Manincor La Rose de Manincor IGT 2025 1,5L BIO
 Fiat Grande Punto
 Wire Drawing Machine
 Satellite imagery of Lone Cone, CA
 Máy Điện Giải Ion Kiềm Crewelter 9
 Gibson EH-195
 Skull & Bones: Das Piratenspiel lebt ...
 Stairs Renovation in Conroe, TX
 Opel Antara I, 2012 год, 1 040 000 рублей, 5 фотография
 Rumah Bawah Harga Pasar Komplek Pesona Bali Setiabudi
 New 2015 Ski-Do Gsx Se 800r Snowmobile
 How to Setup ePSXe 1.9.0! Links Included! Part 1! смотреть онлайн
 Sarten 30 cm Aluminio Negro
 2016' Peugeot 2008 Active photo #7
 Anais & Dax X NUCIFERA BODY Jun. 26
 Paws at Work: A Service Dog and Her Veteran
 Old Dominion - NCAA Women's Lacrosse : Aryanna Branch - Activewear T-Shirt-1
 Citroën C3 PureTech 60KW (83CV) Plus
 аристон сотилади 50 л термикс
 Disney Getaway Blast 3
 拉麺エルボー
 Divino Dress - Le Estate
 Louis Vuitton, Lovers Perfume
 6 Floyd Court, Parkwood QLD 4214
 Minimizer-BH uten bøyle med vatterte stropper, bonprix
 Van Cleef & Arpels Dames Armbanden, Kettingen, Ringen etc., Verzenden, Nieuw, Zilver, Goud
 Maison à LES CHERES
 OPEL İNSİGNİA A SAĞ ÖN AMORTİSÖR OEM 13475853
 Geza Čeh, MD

----

Work to complete — Make an exact copy of the records.

Your solution —
Manincor La Rose de Manincor IGT 2025 1,5L BIO
 Fiat Grande Punto
 Wire Drawing Machine
 Satellite imagery of Lone Cone, CA
 Máy Điện Giải Ion Kiềm Crewelter 9
 Gibson EH-195
 Skull & Bones: Das Piratenspiel lebt ...
 Stairs Renovation in Conroe, TX
 Opel Antara I, 2012 год, 1 040 000 рублей, 5 фотография
 Rumah Bawah Harga Pasar Komplek Pesona Bali Setiabudi
 New 2015 Ski-Do Gsx Se 800r Snowmobile
 How to Setup ePSXe 1.9.0! Links Included! Part 1! смотреть онлайн
 Sarten 30 cm Aluminio Negro
 2016' Peugeot 2008 Active photo #7
 Anais & Dax X NUCIFERA BODY Jun. 26
 Paws at Work: A Service Dog and Her Veteran
 Old Dominion - NCAA Women's Lacrosse : Aryanna Branch - Activewear T-Shirt-1
 Citroën C3 PureTech 60KW (83CV) Plus
 аристон сотилади 50 л термикс
 Disney Getaway Blast 3
 拉麺エルボー
 Divino Dress - Le Estate
 Louis Vuitton, Lovers Perfume
 6 Floyd Court, Parkwood QLD 4214
 Minimizer-BH uten bøyle med vatterte stropper, bonprix
 Van Cleef & Arpels Dames Armbanden, Kettingen, Ringen etc., Verzenden, Nieuw, Zilver, Goud
 Maison à LES CHERES
 OPEL İNSİGNİA A SAĞ ÖN AMORTİSÖR OEM 13475853
 Geza Čeh, MD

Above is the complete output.